# [Provided data]
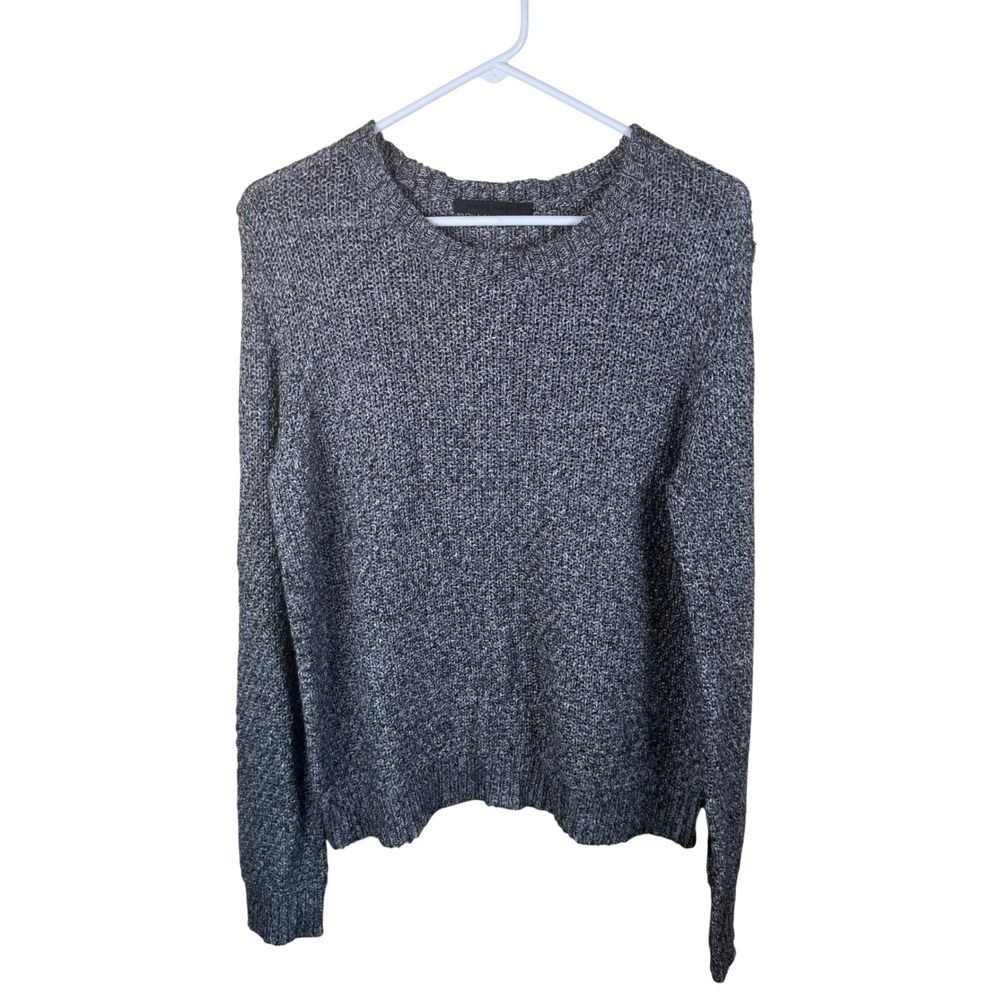 Jenni Kayne Everyday Sweater Women Large Charcoal Marled Cotton Linen Classic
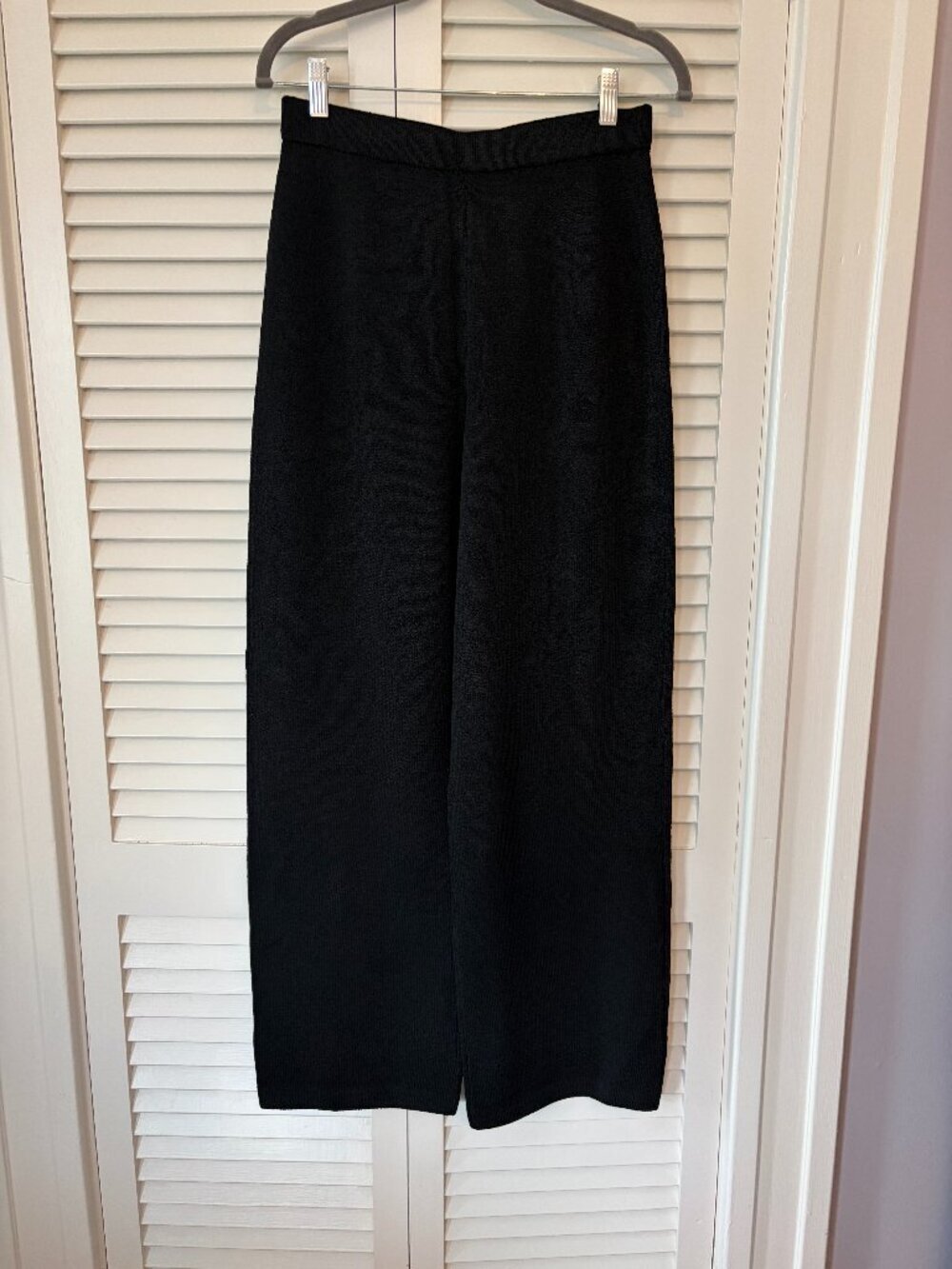 St. John Caviar Santana knit pants wide leg 6 black wool blend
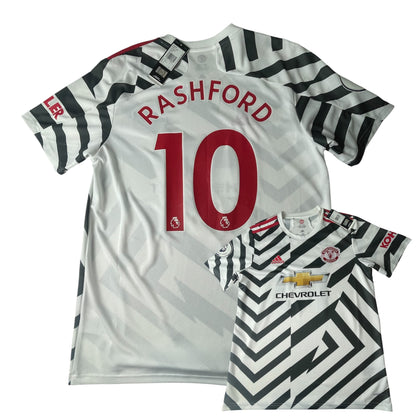 Manchester United 2020/21 Third Shirt – Marcus Rashford #10 – Size L – Brand New With Tags (BNWT) – Official adidas Football Jersey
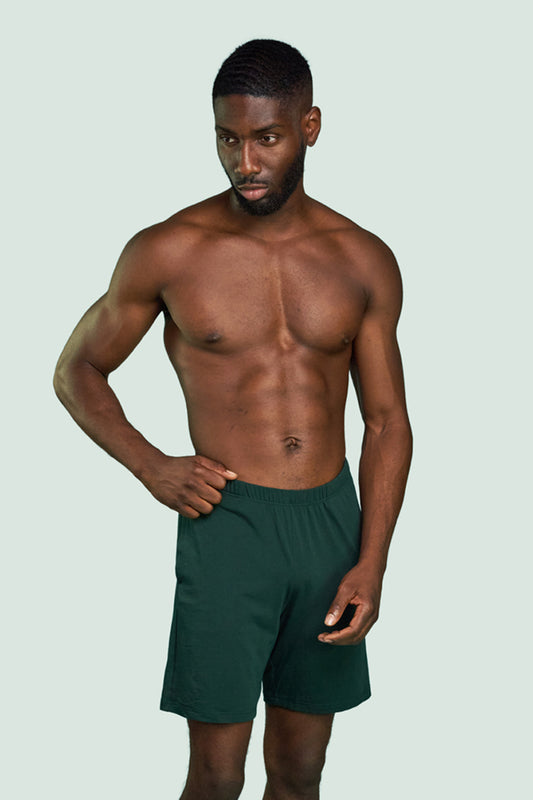 Pétrone short de pyjama coton pima micromodal vert bouteille homme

# [Your instructions]
The listing above should be repeated word for word, with every image left out.

# [Expected output]
 Jenni Kayne Everyday Sweater Women Large Charcoal Marled Cotton Linen Classic
 St. John Caviar Santana knit pants wide leg 6 black wool blend
 Manchester United 2020/21 Third Shirt – Marcus Rashford #10 – Size L – Brand New With Tags (BNWT) – Official adidas Football Jersey
 Pétrone short de pyjama coton pima micromodal vert bouteille homme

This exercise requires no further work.